From Handbook to God’s Promises

GOD’S PROVISION FOR FORGIVENESS OF SINS

Who Is a God Like You?
Read Micah 7:18–20

A hardened, sword-wielding, South American slave trader is on a pilgrimage to find forgiveness. The penitent sinner climbs cliffs and slogs through dripping jungles, dragging behind him a huge rope net filled with the remnants of his past—swords, armor, guns, and the like. His goal? To reach the simple jungle Indians whose tribe he has decimated, and to find pardon at their feet. He nearly kills himself by dragging the huge weighted net behind him; it is a symbol of who he was and of the burden he carries. As a man who has lived by vengeance and the sword, his penance is to punish himself until he can reach those who alone can forgive him.
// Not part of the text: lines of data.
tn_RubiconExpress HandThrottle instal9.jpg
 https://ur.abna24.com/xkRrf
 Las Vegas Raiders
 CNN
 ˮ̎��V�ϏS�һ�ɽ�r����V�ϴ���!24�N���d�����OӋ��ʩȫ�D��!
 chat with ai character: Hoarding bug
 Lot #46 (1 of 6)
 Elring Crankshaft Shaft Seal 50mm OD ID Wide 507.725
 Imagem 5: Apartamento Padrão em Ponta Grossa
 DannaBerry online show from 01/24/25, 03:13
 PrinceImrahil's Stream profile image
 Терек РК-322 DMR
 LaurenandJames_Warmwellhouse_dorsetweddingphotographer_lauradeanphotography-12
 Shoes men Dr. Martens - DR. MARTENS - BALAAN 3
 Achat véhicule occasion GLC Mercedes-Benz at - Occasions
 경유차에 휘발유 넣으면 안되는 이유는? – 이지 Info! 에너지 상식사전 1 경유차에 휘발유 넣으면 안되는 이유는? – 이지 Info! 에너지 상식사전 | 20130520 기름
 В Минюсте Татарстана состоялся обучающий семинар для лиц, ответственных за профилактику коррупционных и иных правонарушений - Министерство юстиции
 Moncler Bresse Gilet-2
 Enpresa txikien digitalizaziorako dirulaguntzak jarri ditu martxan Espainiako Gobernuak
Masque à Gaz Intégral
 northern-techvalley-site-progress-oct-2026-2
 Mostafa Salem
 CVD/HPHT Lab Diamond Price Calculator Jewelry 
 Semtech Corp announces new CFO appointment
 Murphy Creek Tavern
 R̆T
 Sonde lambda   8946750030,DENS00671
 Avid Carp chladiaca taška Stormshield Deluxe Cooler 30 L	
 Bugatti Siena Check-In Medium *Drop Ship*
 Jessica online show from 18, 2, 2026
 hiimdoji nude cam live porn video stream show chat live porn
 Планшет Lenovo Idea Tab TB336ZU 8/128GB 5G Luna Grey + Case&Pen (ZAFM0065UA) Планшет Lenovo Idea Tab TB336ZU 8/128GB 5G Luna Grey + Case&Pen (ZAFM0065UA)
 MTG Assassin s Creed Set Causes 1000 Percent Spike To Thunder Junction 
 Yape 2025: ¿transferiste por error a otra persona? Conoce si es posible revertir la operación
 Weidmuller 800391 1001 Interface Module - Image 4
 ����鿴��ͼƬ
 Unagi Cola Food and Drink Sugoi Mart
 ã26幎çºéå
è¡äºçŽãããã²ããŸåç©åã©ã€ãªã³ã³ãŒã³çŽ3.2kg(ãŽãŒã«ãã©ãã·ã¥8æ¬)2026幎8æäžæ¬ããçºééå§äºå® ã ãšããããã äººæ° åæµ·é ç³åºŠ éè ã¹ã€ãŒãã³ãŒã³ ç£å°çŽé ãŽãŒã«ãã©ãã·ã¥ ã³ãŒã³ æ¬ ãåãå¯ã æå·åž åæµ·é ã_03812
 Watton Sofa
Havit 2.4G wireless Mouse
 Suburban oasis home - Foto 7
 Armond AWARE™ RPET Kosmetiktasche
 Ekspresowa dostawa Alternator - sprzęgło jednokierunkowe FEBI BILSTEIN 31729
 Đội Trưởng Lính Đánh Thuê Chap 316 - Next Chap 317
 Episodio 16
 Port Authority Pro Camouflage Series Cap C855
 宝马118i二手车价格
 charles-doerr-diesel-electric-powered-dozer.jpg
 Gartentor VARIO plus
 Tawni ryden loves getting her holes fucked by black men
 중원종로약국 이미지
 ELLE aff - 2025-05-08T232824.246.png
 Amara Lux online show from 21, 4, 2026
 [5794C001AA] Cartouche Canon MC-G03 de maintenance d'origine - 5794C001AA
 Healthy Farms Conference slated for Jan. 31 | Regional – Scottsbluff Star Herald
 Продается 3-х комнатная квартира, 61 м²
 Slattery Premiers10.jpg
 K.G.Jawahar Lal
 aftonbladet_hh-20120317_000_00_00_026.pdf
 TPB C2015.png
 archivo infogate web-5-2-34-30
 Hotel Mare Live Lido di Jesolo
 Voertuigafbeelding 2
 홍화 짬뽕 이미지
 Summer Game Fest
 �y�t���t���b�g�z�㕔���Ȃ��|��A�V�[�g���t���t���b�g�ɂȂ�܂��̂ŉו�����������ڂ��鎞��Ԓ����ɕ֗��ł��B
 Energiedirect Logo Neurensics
When the slave trader finally reaches the tribe, he is nearly dead from the exertion of his penance. The Indian leader, recognizing this man’s face, approaches with knife in hand. On his knees from exhaustion, the trader doesn’t know whether he will live or die. But instead of cutting the trader’s throat, the Indian cuts the thick rope that has bound man and net together. In a powerfully symbolic gesture, the leader pushes the remnants of the slave trader’s past over a cliff into a turbulent river far below.

While this portrayal of forgiveness—from The Mission, the Cannes Film Festival’s Best Picture of 1986—is powerful, Hollywood didn’t invent the concept. God has been extending forgiveness for millennia.

Once, at a time when the Israelites had made slave traders look noble by comparison (“The best of them is like a brier, the most upright worse than a thorn hedge”—Ouch!—Micah 7:4), God still forgave them. Then and now, people marvel at the nature of God to forgive: “Who is a God like you, who pardons sin and forgives?” (7:18).

The Indian leader may have hurled the tools of the slave trader over a cliff into a river, but God hurls “all our iniquities into the depths of the sea.” He delights in showing mercy if we will but bring our burden to him.

God’s Promise: It may be your nature to sin, but it is His nature to forgive.